Le passage d’aujourd’hui comprend la parabole des talents, c’est-à-dire des pièces d’or que le maître, en partant, confie à ses serviteurs pour qu’ils les gardent (v. 14–15). Mais à cette époque, comme d’ailleurs de nos jours, on ne pouvait conserver de l’argent qu’en le mettant en circulation. Deux des trois serviteurs le comprennent bien et agissent en conséquence (v. 16–17), tandis que le troisième préfère ne pas prendre de risque (v. 18). Le résultat fut prévisible : deux des trois reçurent des éloges et une promotion (v. 20–23), tandis que le troisième perdit tout (v. 24–30).
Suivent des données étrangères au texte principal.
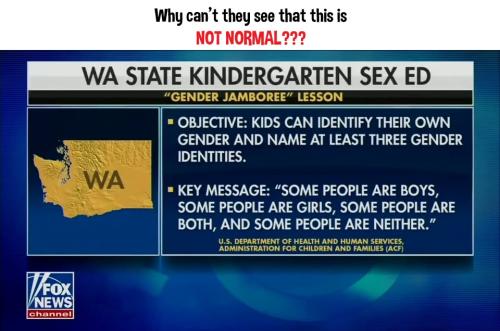 kindergarten education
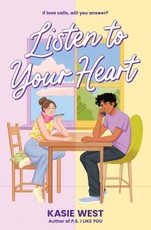 Listen to Your Heart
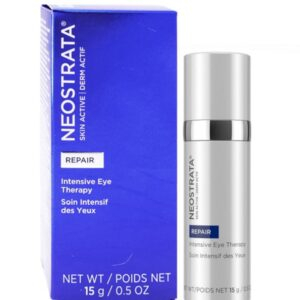 Neostrata Intensive Eye Contour Yeux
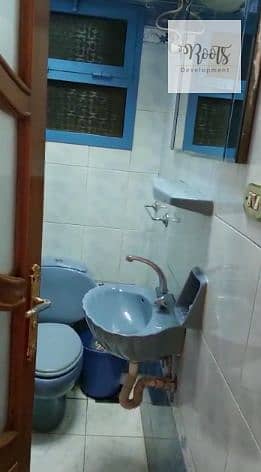 13 Screenshot 2025-12-21 163943. png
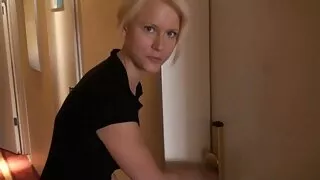 Lana ir ar anālo seksu ar dzimšanas zēns. xxx seks porno video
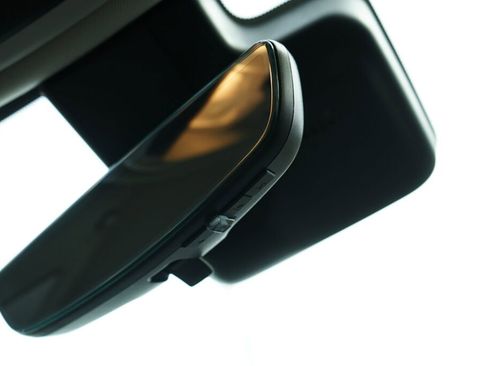 Used 2022 Chevrolet Bolt EUV Premier w/ Launch Edition image 27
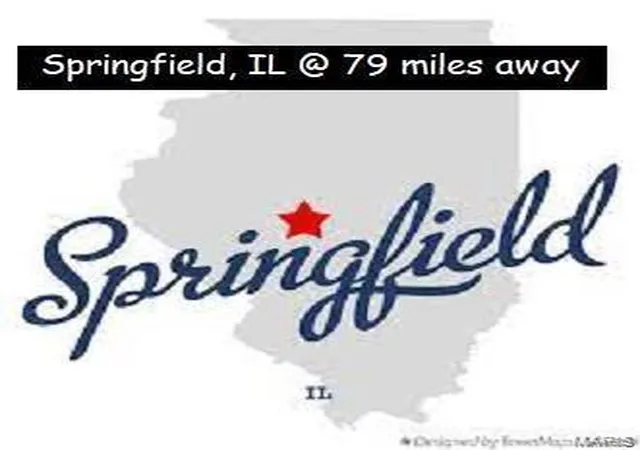 Photo 99 of Sale Pending at 308 Rumsfeld Dr, Troy, IL 62294 | MLS# MIS26036299 | Listing updated on 2026-08-01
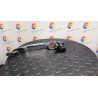 MANIGLIA PORTA ANT. DX. 157 LANCIA DELTA (TN) (03/11-) 844A3000 735570105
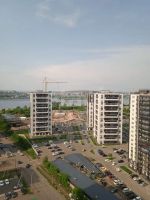 Лот: 25516591. Фото: 11. квартира , Красноярск Судостроительная...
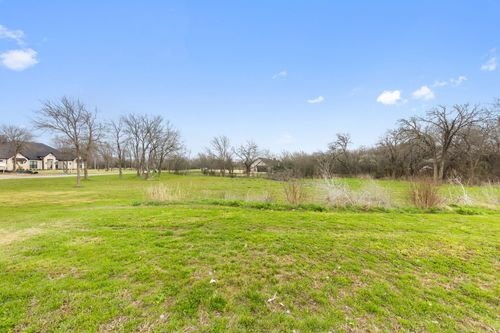 4089 Weeping Oak, Royse City, TX, 75189-1306 | Card Image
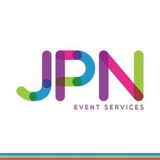 JPN Event Services - Disco & PA Equipment Hire - Other in Loughton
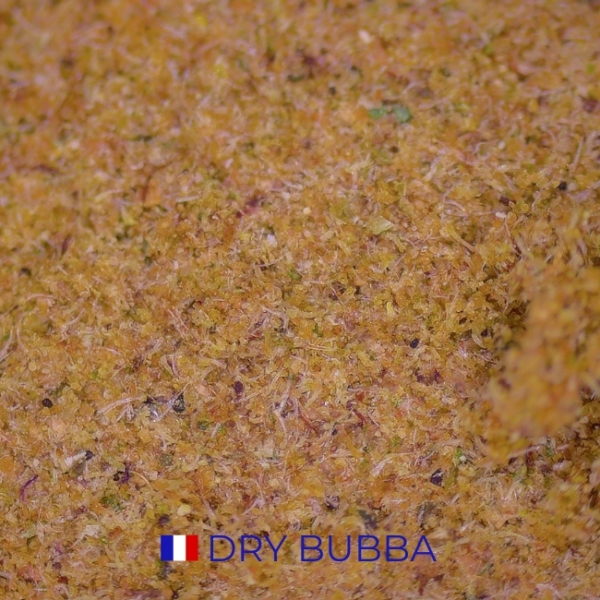DRYSIFT BUBBA ALPINE CALI*WHITE G – Image 3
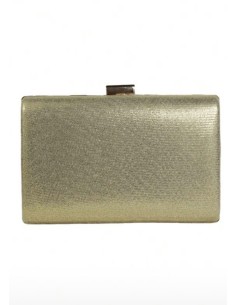 Cartera FIESTA piedritas 2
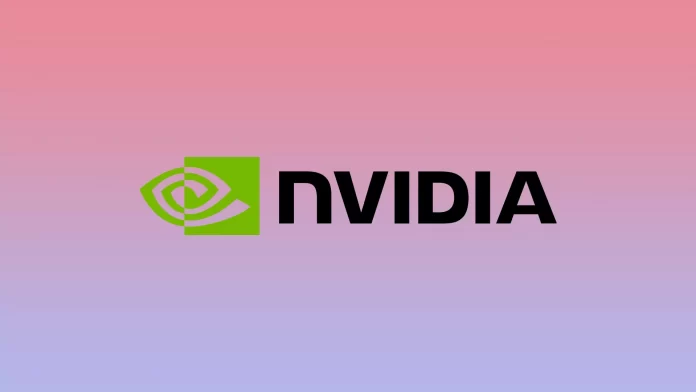 Nvidia plans to announce a new next-generation GPU in September amid rumors of RTX 4090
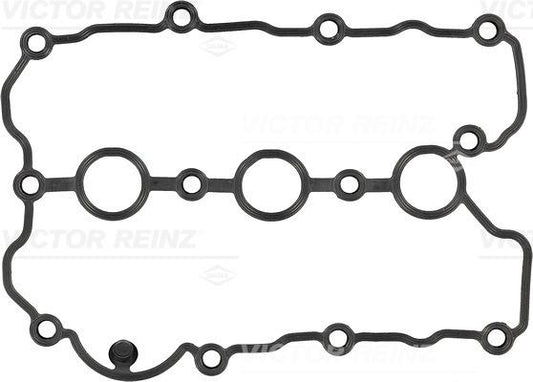 Victor Reinz Valve Cover Gasket 71-36044-00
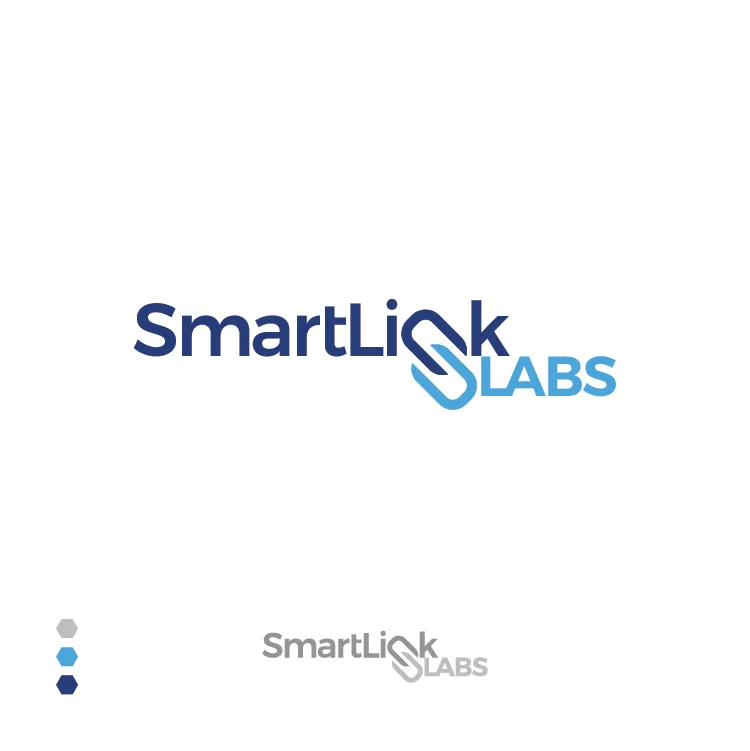Concept 3: Linked N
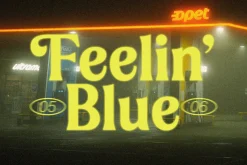Asteria - Retro Display Font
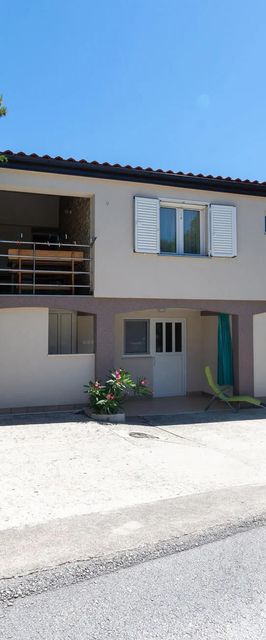 Vendégház Starigrad - CDN945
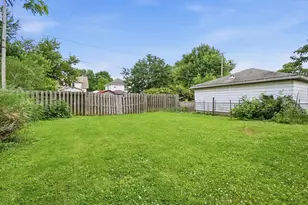 204 Belleaire Ave, Springfield, OH 45503 - Photo 43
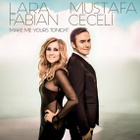 Lara Fabian dévoilera un nouveau duo le 5 août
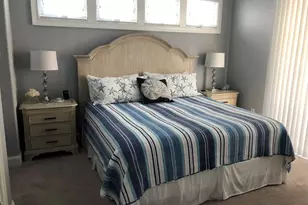 840 Wesley Ave, Ocean City, NJ 08226 - Photo 10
Un tel déroulement des événements serait quelque peu étrange s’il s’agissait des lois de notre monde, qui n’est pas encore transfiguré. En effet, l’argent avait été confié au serviteur pour qu’il le garde, et celui-ci réussit à rendre au maître toute la somme qui lui avait été confiée. En réalité, le maître n’avait exigé de personne qu’il augmente la somme, même s’il fut heureux que ses serviteurs se révèlent de bons intendants et trouvent un placement rentable pour l’argent confié à leur garde. En récompense, les serviteurs avisés ne reçoivent pas simplement une nouvelle position plus élevée ; ils deviennent copropriétaires des biens de leur maître (v. 21, 23 ; « entrer dans la joie » est une expression non pas grecque, mais hébraïque, et elle désigne quelque chose de tout à fait matériel, par exemple participer au partage du butin après une chasse commune réussie ou au partage du bénéfice après une transaction fructueuse). Quant au troisième serviteur, il préféra ne pas risquer avant tout parce qu’il considérait son maître comme cupide et cruel (v. 24). Et c’est précisément ainsi que le maître se révéla à lui : il exigea du serviteur méfiant ce qu’il n’avait pas exigé des autres et ce que les autres lui avaient proposé d’eux-mêmes (v. 26–27).

Du point de vue des lois de notre monde, cette logique est pour le moins étrange ; mais dans le Royaume agissent d’autres lois et d’autres règles. Dans le Royaume, il est impossible de conserver quoi que ce soit pour soi, mais on peut tout recevoir si l’on multiplie, pour le Royaume et pour son Maître, ce que le Maître nous a confié afin de le garder. Ici, il est impossible de rendre au Maître Son don et de dire : « Tu es cruel, voici ce qui est à toi, et laisse-moi tranquille » ; celui qui parle ainsi et adopte une telle position perd le Royaume. Ici agit le principe dont Jésus a déjà parlé plus d’une fois : dans le Royaume, on peut avoir « la vie en abondance », mais seulement si l’on renonce dès le commencement à l’idée d’une vie propre, séparée et finie, à l’idée d’arracher un morceau à la plénitude du Royaume et de l’emporter avec soi. On peut recevoir la plénitude du Royaume, mais seulement tout entière. Et cette plénitude ne peut être conservée qu’en la multipliant et en la donnant.